Last Sunday marked a typical mid-summer in Berkeley: leaden skies, knit caps and hoodies, the slight hint of an arctic wind. Woman's Will theater company had dubbed it a "Summer of Love," and the audience at Live Oak Park was trying to feel the warmth — figuratively speaking, at least. The all-female Shakespeare troupe, which mounts roving productions in Bay Area parks for free admission, had elected to try a hippie-themed version of A Midsummer Night's Dream this year, complete with tie-dyed backdrop and a soundtrack of familiar rock music by The Beatles, Simon & Garfunkel, and Jefferson Airplane. For director Victoria Evans Erville, the challenge was to fit all those devices into a largely unexpurgated script, and make it seamless enough to not seem gimmicky.
Granted, the idea of contemporizing Midsummer isn't new. Probably the most oft-performed comedy in Shakepeare's oeuvre, it's undergone many transformations and adulterations at the hands of Bay Area directors — most notably Melissa Hillman, whose Eighties version of the play involved a punk rock Puck, mod haircuts, acid washed jeans, Hello Kitty paraphernalia, and a Demetrius with a big honkin' cell phone. It was wildly successful. Evans Erville's interpretation is a little more subdued, but equally engaging. A lot of that has to do with her casting decisions, some of which hew to tradition, and some of which play against type.

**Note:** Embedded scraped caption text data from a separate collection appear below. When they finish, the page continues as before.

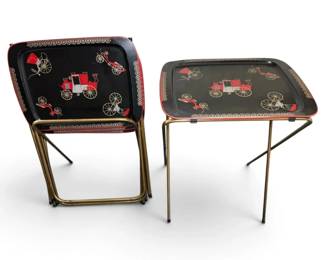 Cal Dal Metal Horse Carriage Dinner 4 Tray Set W Stand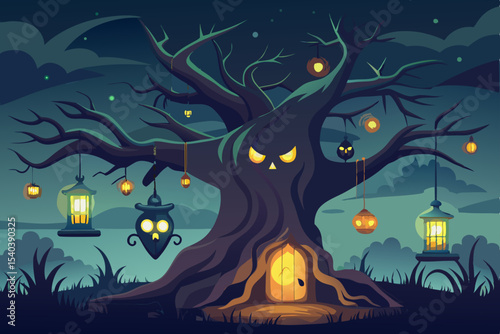 Spooky Halloween night with a haunted house, bats, and pumpkins under a full moon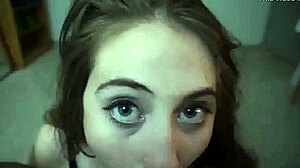 playful slut deepthroats cock begging for hot facial cumshot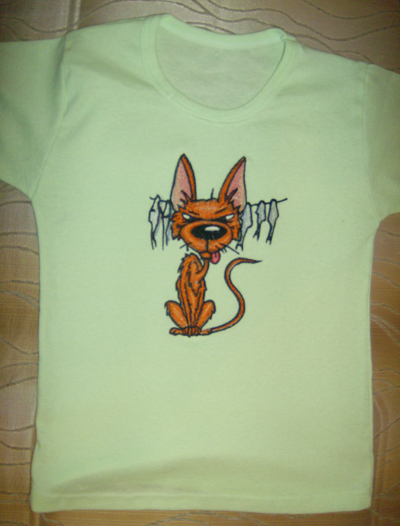 embroidered t-shirt with funny dog design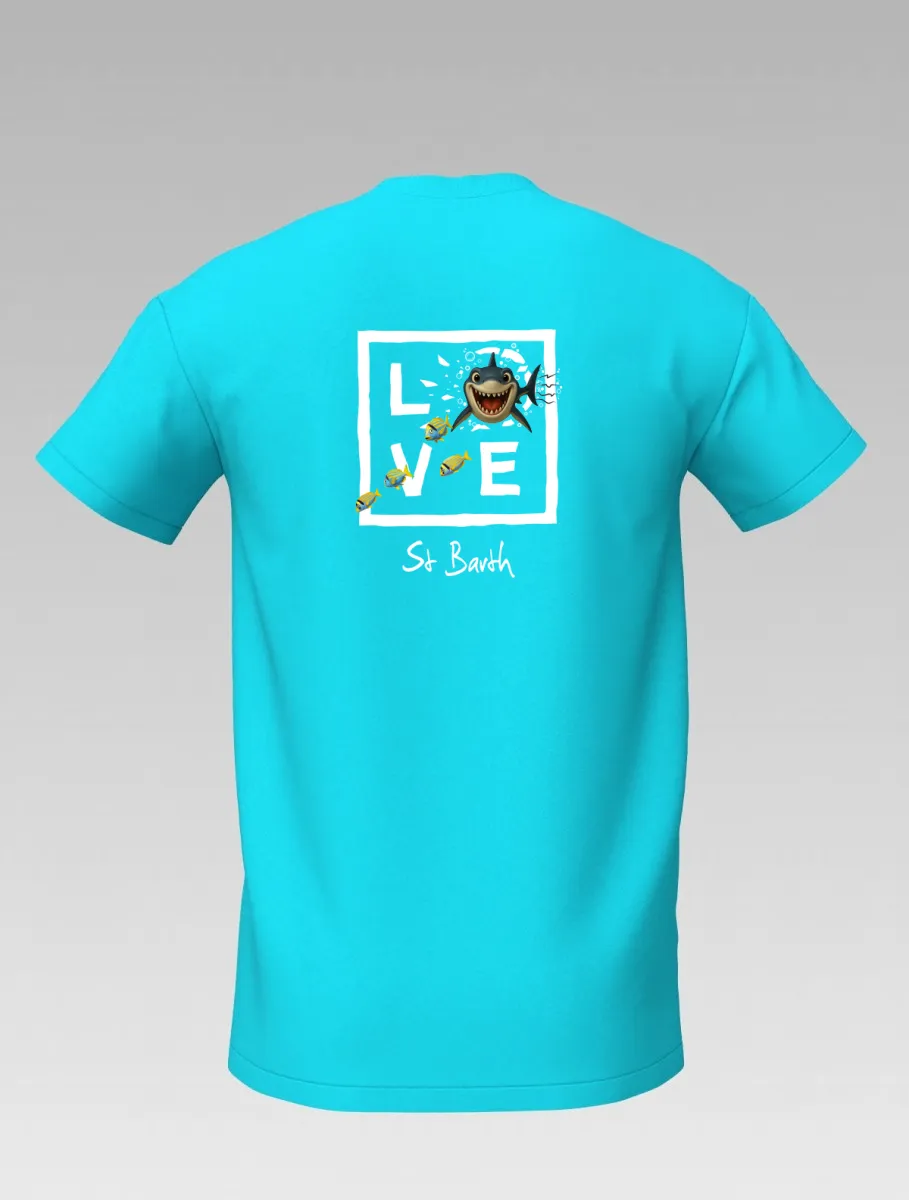 Children’s Turquoise T-Shirt – Caribbean Shark – Signature St Barth & St Martin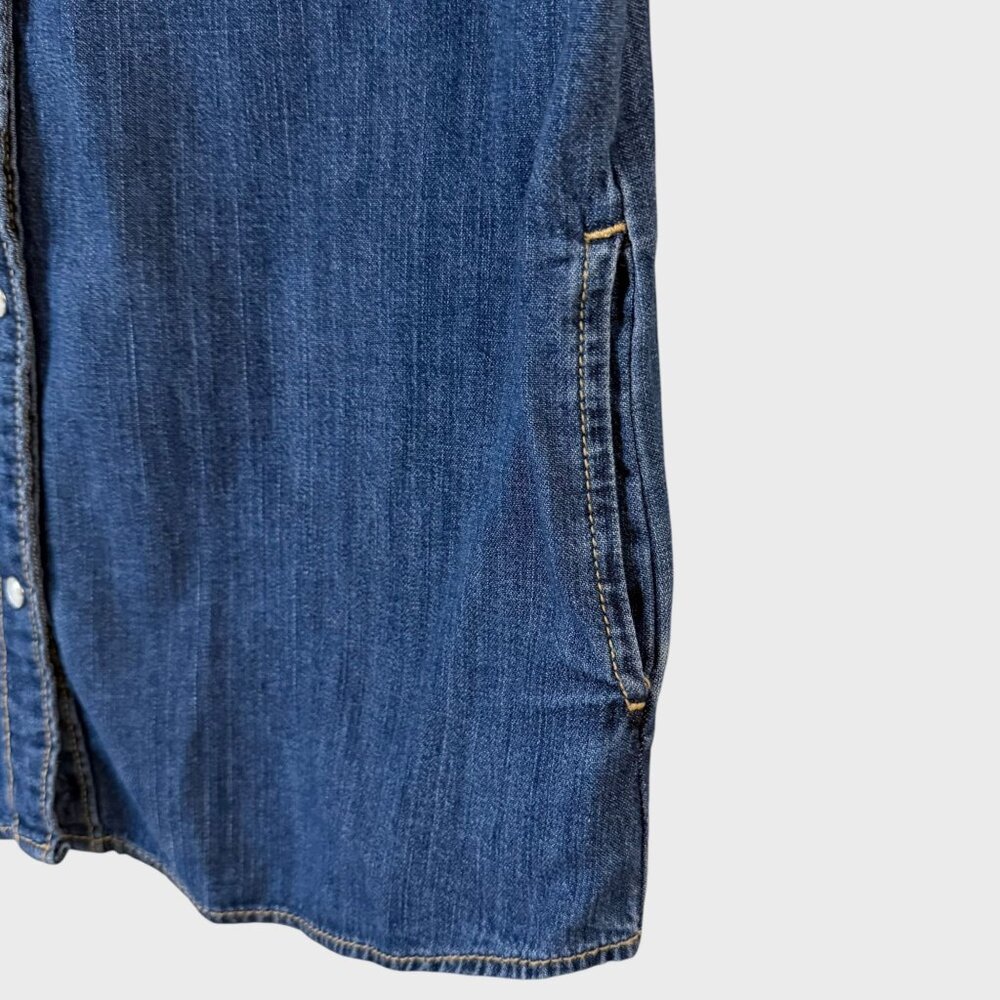 Wrangler Embroidered Denim Shirt Blue Girls Large Western Pearl-Snap Rodeo NEW - Picture 9 of 15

Many of us who've seen Midsummer produced over and over again may harbor certain ingrained perceptions of each character. Demetrius, for instance, is supposed to be a two-timing cad — the guy who once sang oaths to Helena, then switched allegiances as soon as her friend Hermia caught his eye. Helena, in turn, is the desperate masochist, the one who problematically describes herself as "a spaniel." Hermia is shorter and cuter; Helena taller and more gangly; Hermia's current love interest, Lysander, is a bit of a tool. Bottom the Weaver is exactly as his name implies.
Such characterizations are hard to avoid, but Woman's Will managed to put a different spin on them anyway. It's probably obvious that the acting reflects the company's feminist bent. But don't go bracing yourselves for a lesson in gender equality, because these actors are graciously subtle. Perhaps the most notable shift is that of Demetrius (Anne Kobori), who seems more understated and passive than in other productions, and Helena (Katie Krueger), who is a stout-hearted, incorrigible flirt. Their relationship is more about female aggression than disempowerment. Helena even delivers the line about the spaniel in a coarse growl, causing Demetrius to back away. If anything, he's not fast enough for her.
The pairing of Hermia (Lexi Hart) and Lysander (Amber Sommerfeld) is also unconventional, if only because Sommerfeld's Lysander seems like such a stoner in comparison to Hart's peppy Hermia. But that contrast alone becomes grist for comedy. Since the play takes place in San Francisco (ground zero for the Summer of Love, of course), Lysander suggests that the two of them flee to Napa, where they can elope and resettle on a vineyard owned by his rich dowager aunt. The sight of them leaving — Hermia with a big suitcase, Lysander with nothing but his groovy apparel — is enough to draw laughs. Of course, the real comic meat of the play is a valiant-but-half-assed production of The Tragedy of Pyramus and Thisby tacked on the end, and calculated to either make Midsummer seem a lot longer, or infinitely more entertaining. In this case, the latter is true; not to mention that Alicia Stamps makes a great Bottom.
While the theme of this Midsummer affects the costumes and set design more than the script, it still allows the characters to make jokes at San Francisco's expense. The best occurs when Oberon (Jan Adrienne Gilbert) orders Puck (another punk rock iteration, played by Vahishta Vafadari) to spray the love juice in Demetrius' eyes, assuring that Puck "shalt know the man by the Pacific Heights garments he hath on." And, as it turns out, Demetrius' Pacific Heights garments are indistinguishable from Lysander's droopy hippie threads — at least to a punk rock fairy with a better fashion sense than both of them. Then there's the Napa joke, and King Theseus' obligatory name-checking of two major East Bay cities.
Other than that, the real time-and-place markers are the songs, most of which are sung a cappella. Evans Erville hired actors with vocal chops to tackle tunes like "Baby Love," "I Wanna Hold Your Hand," and "Take Another Little Piece of My Heart" — which Titania (Anna Smith) sings during her spat with Oberon, without flubbing a note. The whole point of adding popular music is to shore up sentiment, which Evans Erville tried to do throughout this production. In her director's note, Evans Erville quotes a Bon Jovi lyric about things changing and staying the same — meaning that a play about falling in love and being jilted is translatable to any time period. It's to her credit that she can reverse the sexism in Shakespeare, but still bring out the elements of a sweet, traditional romantic comedy. Clearly, this summer of love is immortal.